### [Task goal]
Exactly as they appear, retype the lines from the one containing "रॉबर्ट्सगंज: चुर्क रेंज" through the final line of the data below. Leave pictures out.

### [Task input]
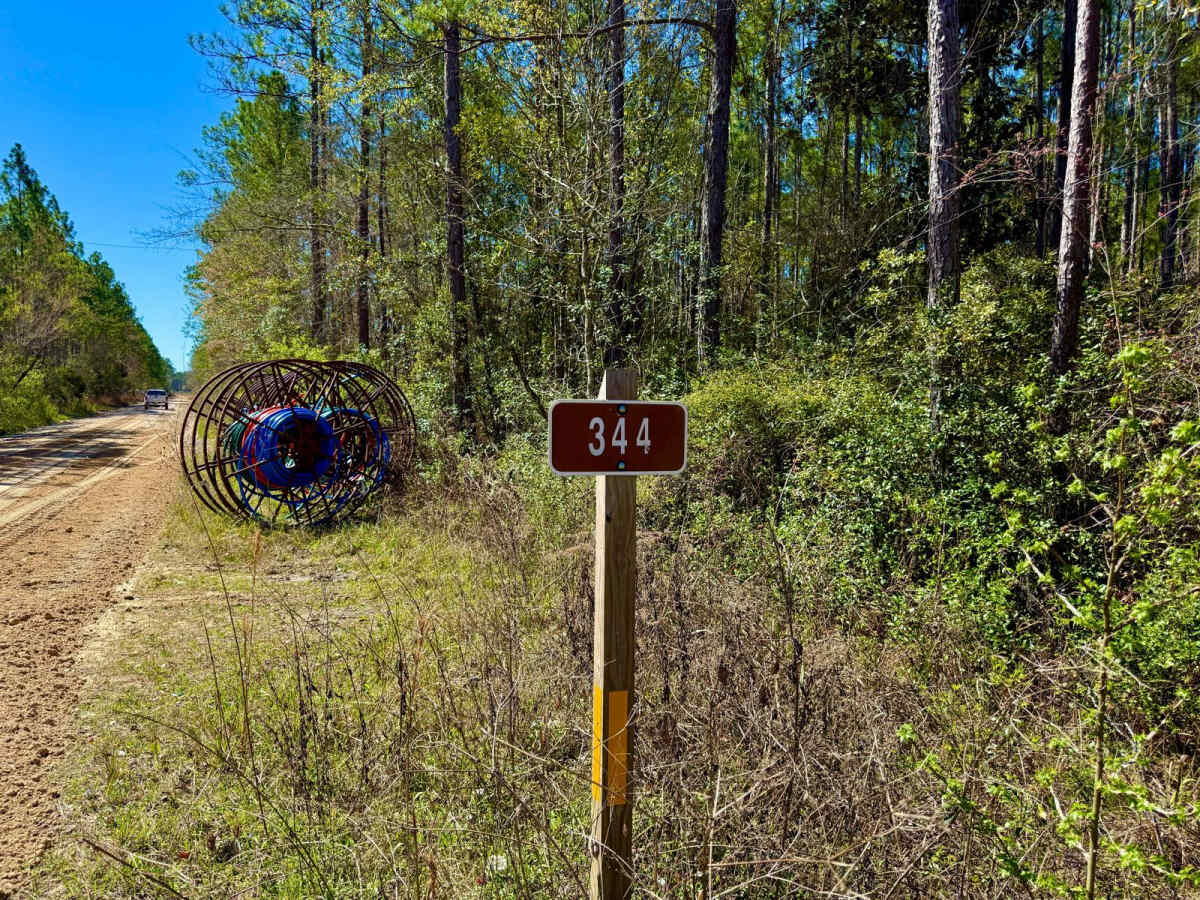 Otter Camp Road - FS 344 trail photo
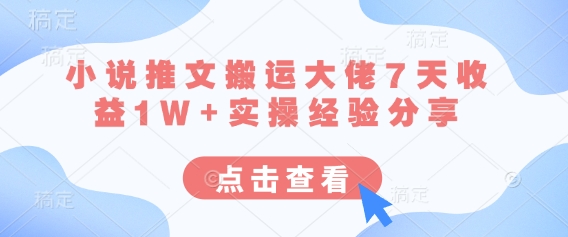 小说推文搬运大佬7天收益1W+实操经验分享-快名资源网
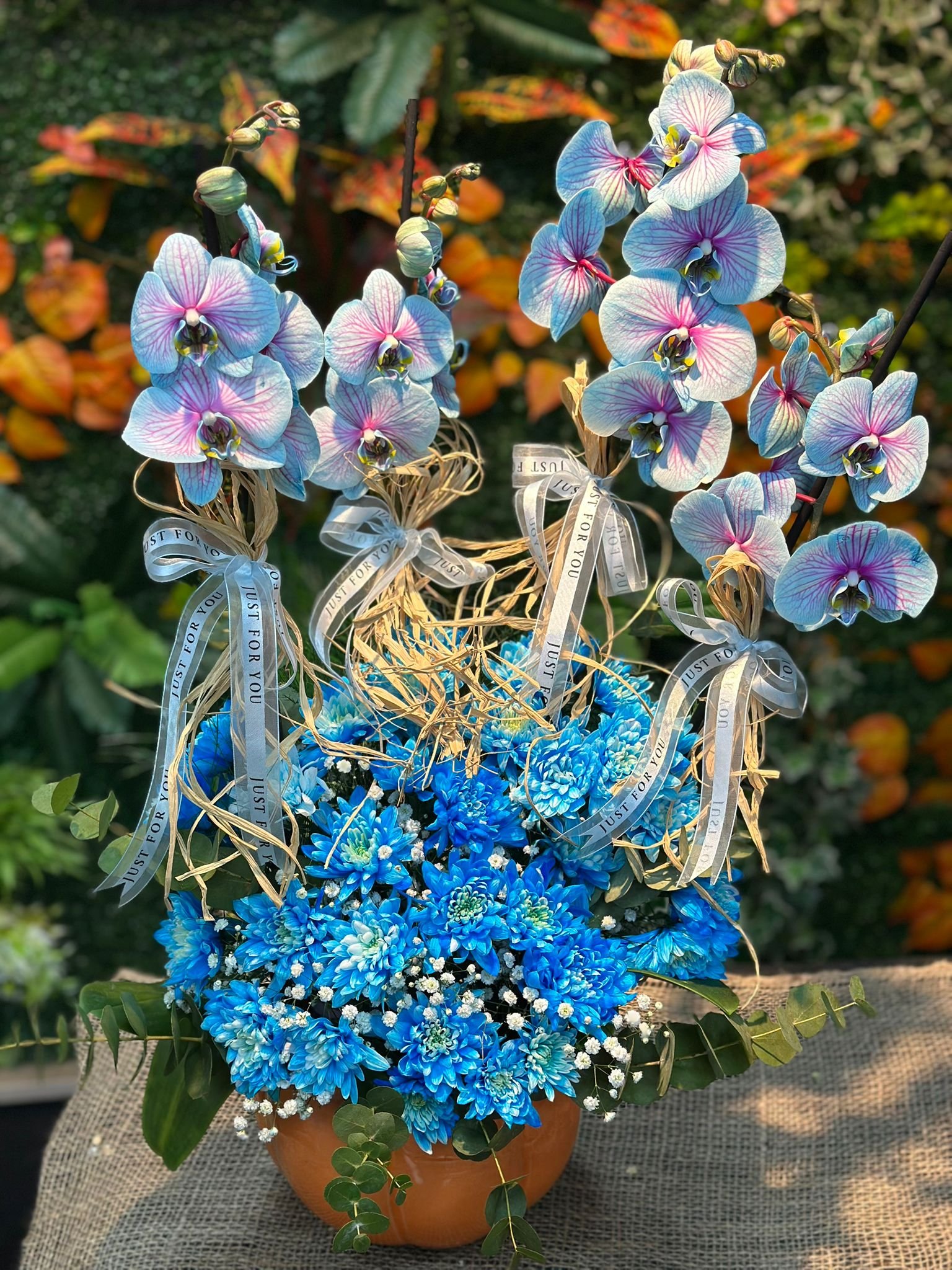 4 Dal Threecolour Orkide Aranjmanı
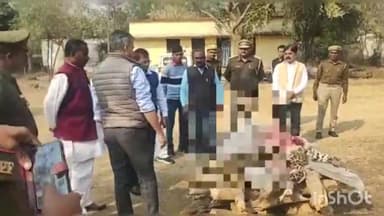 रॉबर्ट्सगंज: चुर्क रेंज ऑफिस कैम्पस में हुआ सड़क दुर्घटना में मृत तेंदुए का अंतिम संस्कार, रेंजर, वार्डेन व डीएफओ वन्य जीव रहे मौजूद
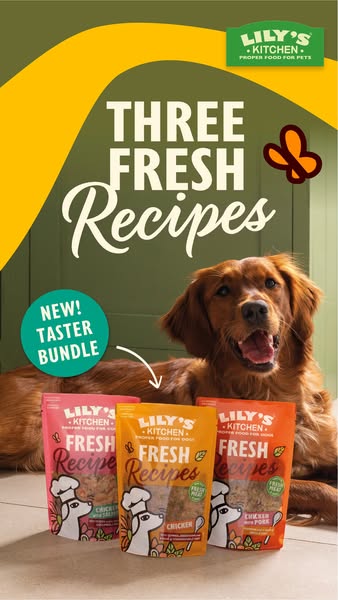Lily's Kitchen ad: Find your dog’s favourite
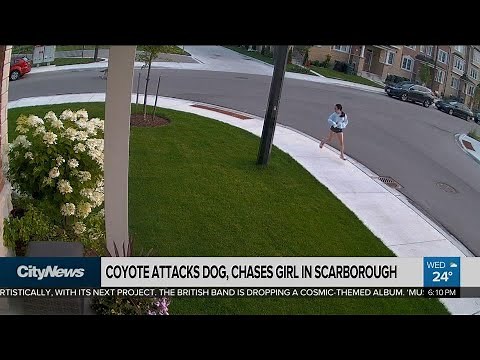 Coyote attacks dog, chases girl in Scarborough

### [Solution]
 रॉबर्ट्सगंज: चुर्क रेंज ऑफिस कैम्पस में हुआ सड़क दुर्घटना में मृत तेंदुए का अंतिम संस्कार, रेंजर, वार्डेन व डीएफओ वन्य जीव रहे मौजूद
Lily's Kitchen ad: Find your dog’s favourite
 Coyote attacks dog, chases girl in Scarborough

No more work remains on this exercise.